Questions re:  GaNfet technology vs other designs.


How do the newer GaNfet technology amps compare to the HYPEX NC400, HYPEX NC500, HYPEX 1200 and PURIF Audio designed amps in terms of sound quality? And also how do these GaNfet technology based amps compare to class A and class A/B amps for sound quality?

It seems several companies are offering GaNfet Amps. For example, please the Orchard Audio Starkrimson 150w gan amplifier and the Atma-sphere Class D power amplifier (and several others).

GaNfet is claimed to provide excellent sound quality. Several class D mono blocks offer great sound as various reviewers have reported. I noticed there are several GaNfet technologies power amps available but not many integrated amps. I wonder why. 

Maybe the better question is GaNfet Amps really for prime time? Your comments on GaNfet Amps are requested. thanks....

hgeifman

@sdl4, no one is discounting that higher order distortion is more audible than higher order harmonics. This is not in question and the mechanism is very well understood. It is due to masking functions and the shape of our sensitivity to different frequencies.

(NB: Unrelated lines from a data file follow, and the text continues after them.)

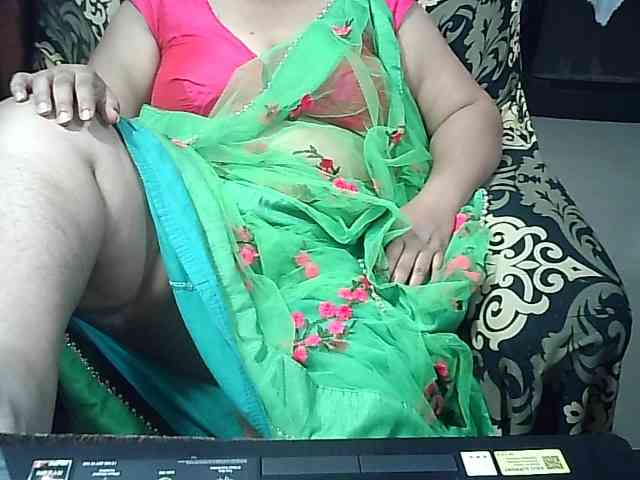 Indianbhabhimilf40 webcam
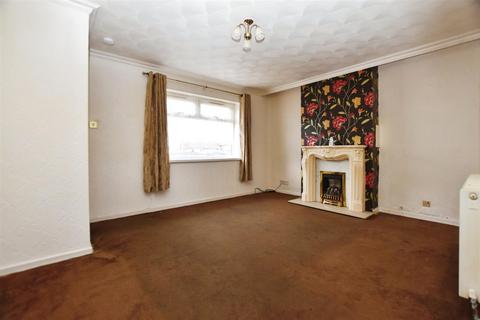 2 bedroom end of terrace house for sale, Fernhill Road, Hull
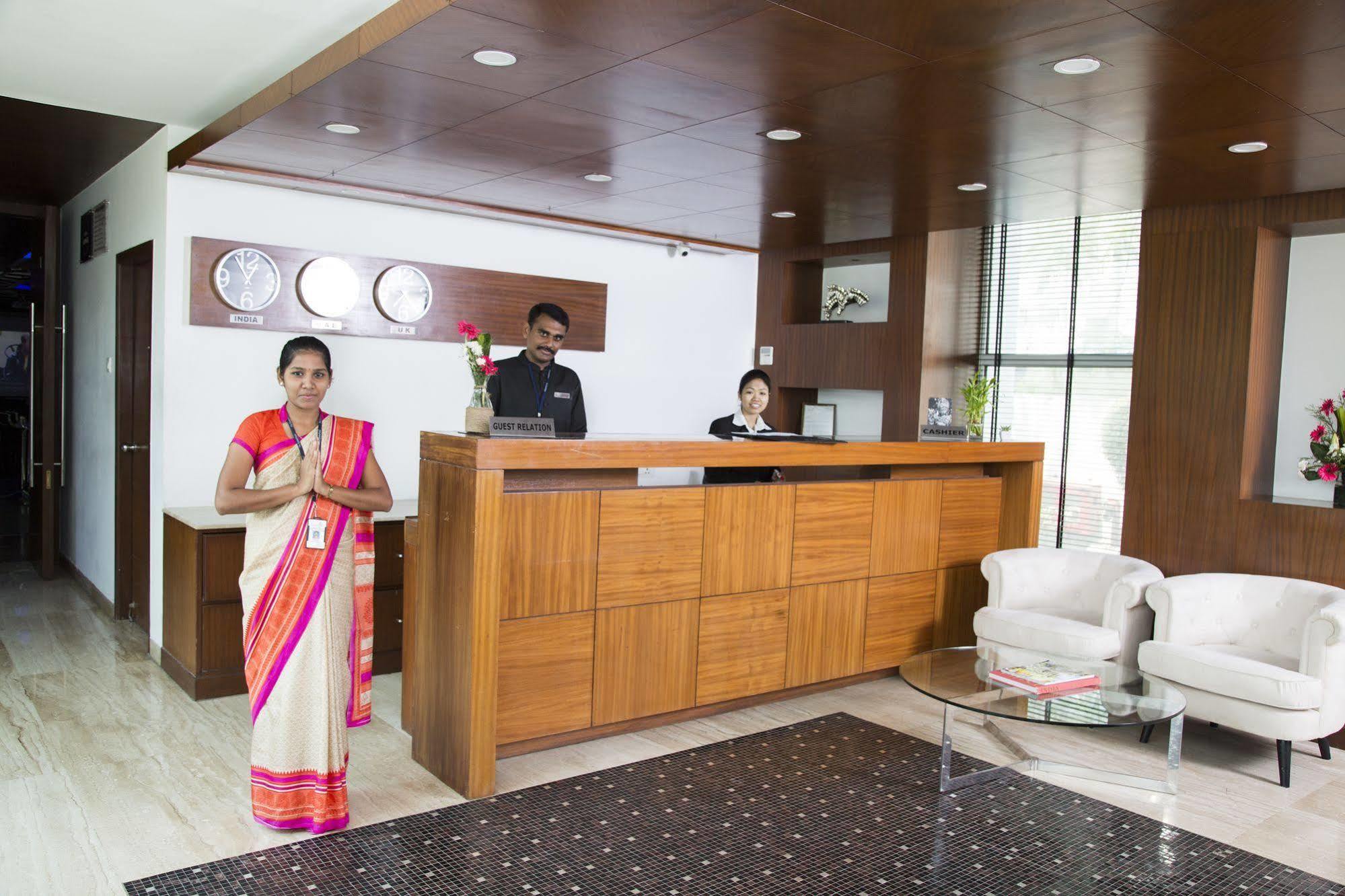 The Centre Point Hotel Chennai Luaran gambar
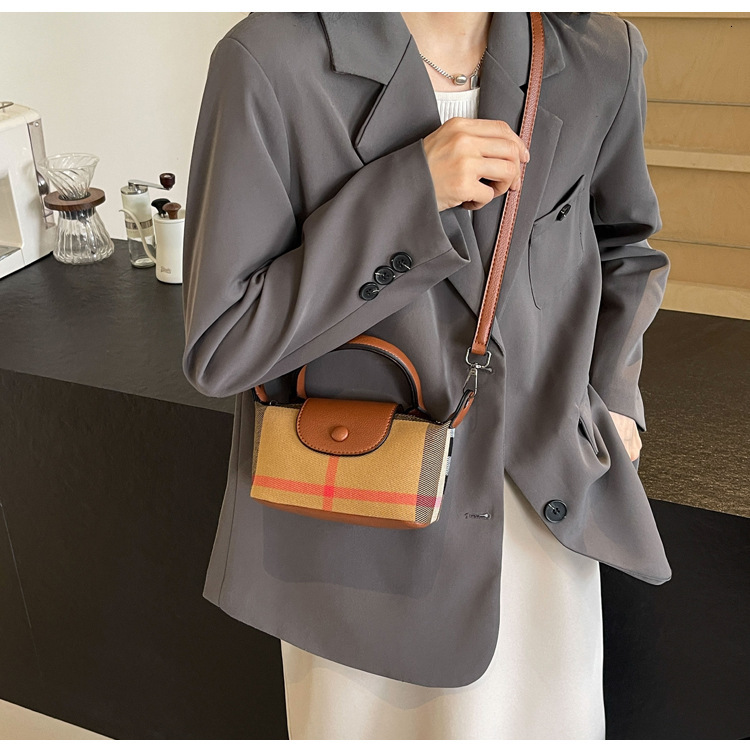 Luxury Brand Designer Bag 2024 Fashion Mini Square Bag New Casual Shoulder Underarm Bag Retro Plaid Handbag Crossbody Bag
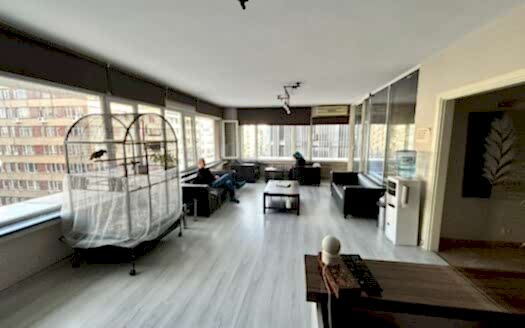 OSMANBEY HALASKARGAZİ CADDESİ’nde KÖŞE KONUMDA KİRALIK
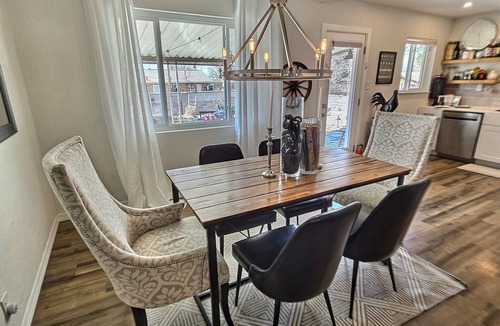 Albuquerque House | 3 Bed/2 Bath home sleeps 6! Near Nob Hill, UNM, Uptown Shopping & Dining + More!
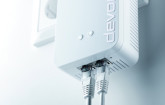 Devolo hat ein neues Topmodell seiner Powerline-Serie vorgestellt. Der dLAN 1200+ WiFi ac Power-LAN-Adapter vereint zwei Vernetzungstechnologien in einem Gerät.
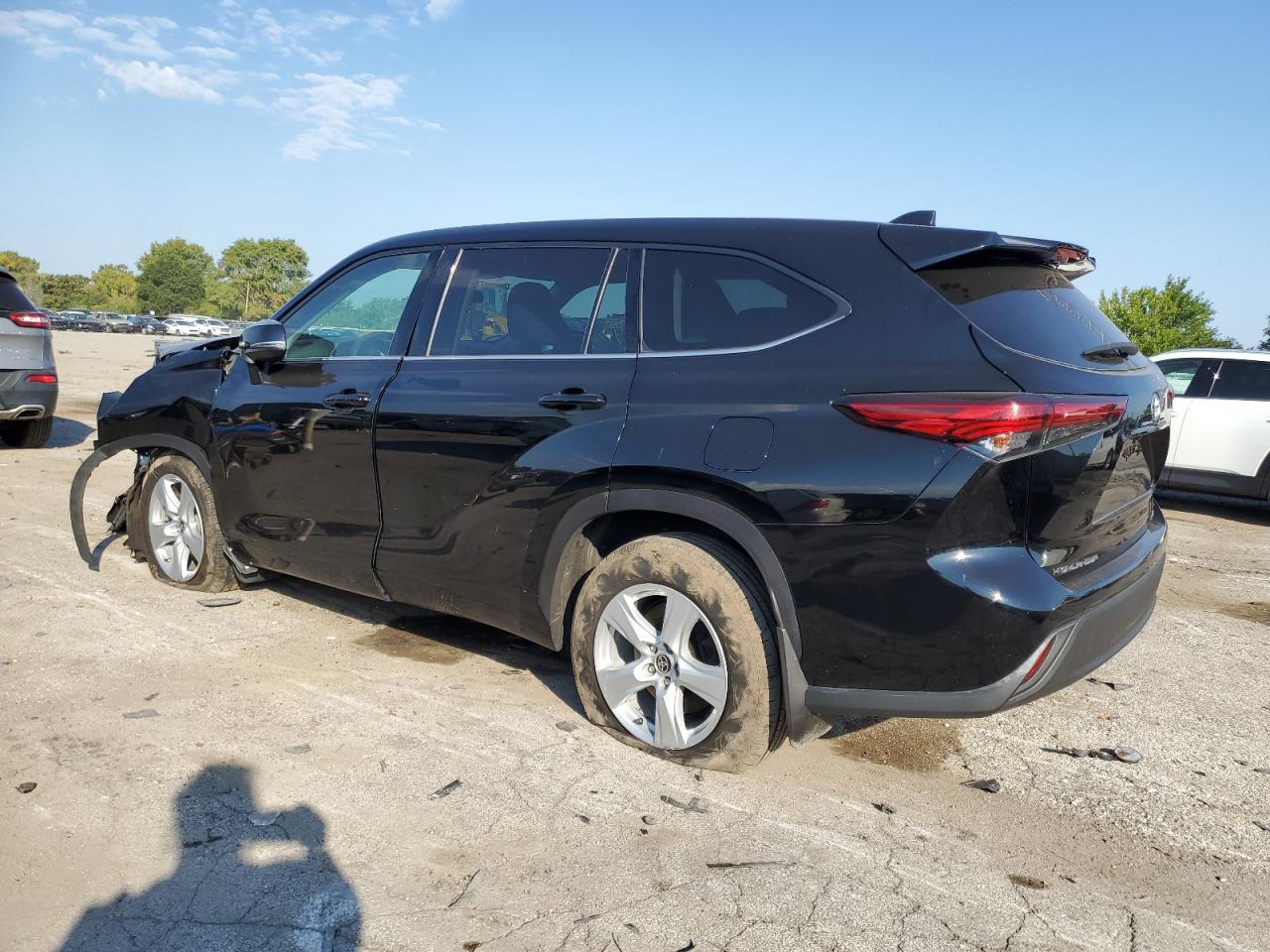 2020 Toyota Highlander - Image 2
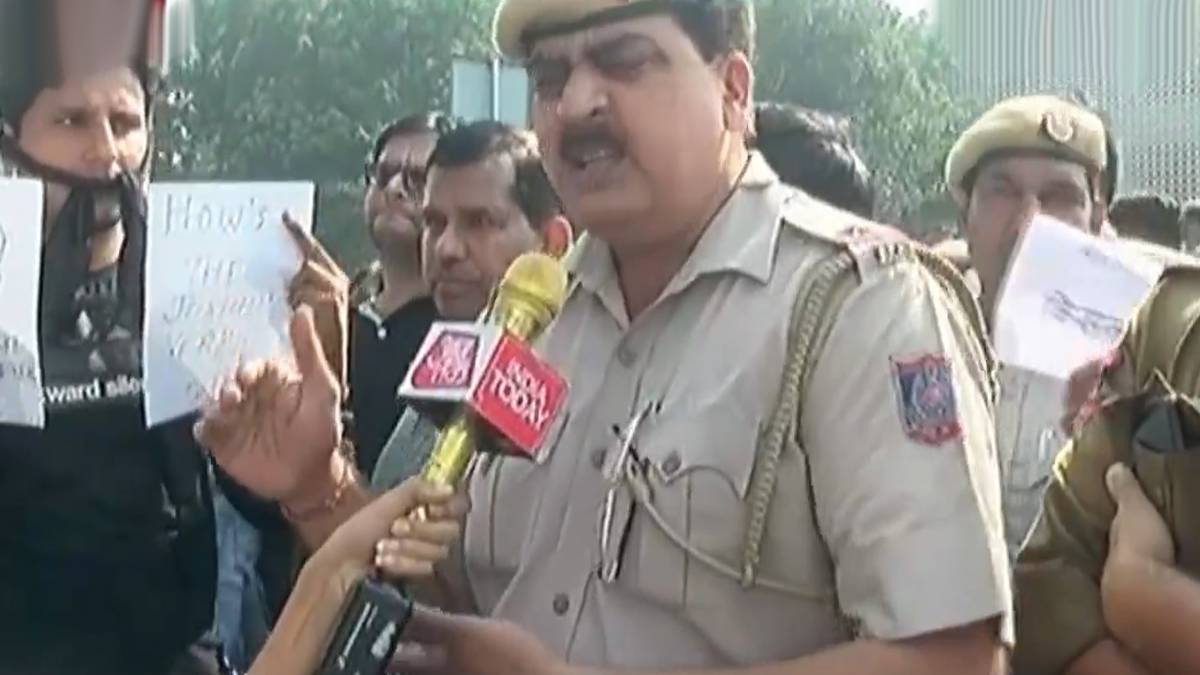 दिल्ली पुलिस खुद को बेबस बता रही है.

Nelson's ideas of very low distortion is probably not what we think of as very low distortion, as well, Nelson discusses feedback in SS state in other papers and how that translates to distortion over frequency and this relates to the claim, I consider false, by Atmasphere that many SS amplifiers with negative feedback suffer from too little feedback at high frequencies. This is a flawed premise on several fronts:

 

1) This is just not factually true based on an easily done review of tests by Stereophile and Audioscience where even relatively inexpensive amplifiers have low distortion out to 20KHz, and this appears to have been the case for many years.

 

2) Because of the upward curve of hearing sensitivity, which reduces after about 3.5Khz, distortion at high frequencies becomes harder and harder to hear. If you think about it, at 3.5KHz, the 4th harmonic is 14KHz. Many people here can't even hear that. At 5KHz, the 4th harmonic is 20KHz, inaudible. Where higher harmonics are most audible is at low frequencies where higher harmonics are where our hearing is even more sensitive than the fundamental. 100-1Khz is a prime area. However, all those SS amplifiers with claimed insufficient feedback have tons of feedback at <1KHz (if they have Negative feedback).

 

This whole amplifiers that measure well and sound poor is nothing but Philelore, started by amplifier companies that make amps that measure poor and then chanted by their customers. If you have an amplifier that measures well, with today's ready suite of measurements, and sounds bad, it is not the amplifier that is the issue, it is your system. If a poor measuring amplifier sounds better, then it is just its poor transfer function complimenting the rest of the flaws in your system. It is one way to achieve a desired end result, but it is 2022 now. There are better ways if audiophiles would just get out of their own way.

 

In terms of phase from an amplifier, there are readily available metrics for what is audible in phase change. Most modern amplifiers are so far below audible limits w.r.t. phase changes that any discussion of it is a total waste of time. However, go back to those bad measuring amps that sound good, and perhaps you are complimenting a flaw in your system (that should not be there).

 

Last, keep in mind, that many of these claims of distortion, at the levels of the amps in question causing tonal changes, has never, what 50 years later, be shown to be fully factual even though experiments are readily done. I think most would be rather surprise how hard it is to detect distortion when listening to music. Far far harder than with tones, even when you use higher order distortion products. What is needed is far higher than one would ever expect to see in an amplifier today.

 

Nelson Pass obviously has a huge following in audio, mainly due to his strong involvement in DIY audio. He is a far more public figure than almost any other audio amplifier designer. However, I suspect few professional amplifier designers (and not just hifi) have spent much time studying his work, where they have spent a ton of time studying Doug Self, or a whole host of people people who listen to audio have never heard of.

 

 

I am currently running a tour of the Starkrimson Stereo Ultra on the Steve Hoffman forum. If you are interested you may join that forum and join the tour.

 

Leo, thanks for the link to the thread over on SH.  You have to be really brave, or pretty sure you have a great product to put it out on a public tour with no oversight as to what will be said about it....and obviously, lots of people are loving it.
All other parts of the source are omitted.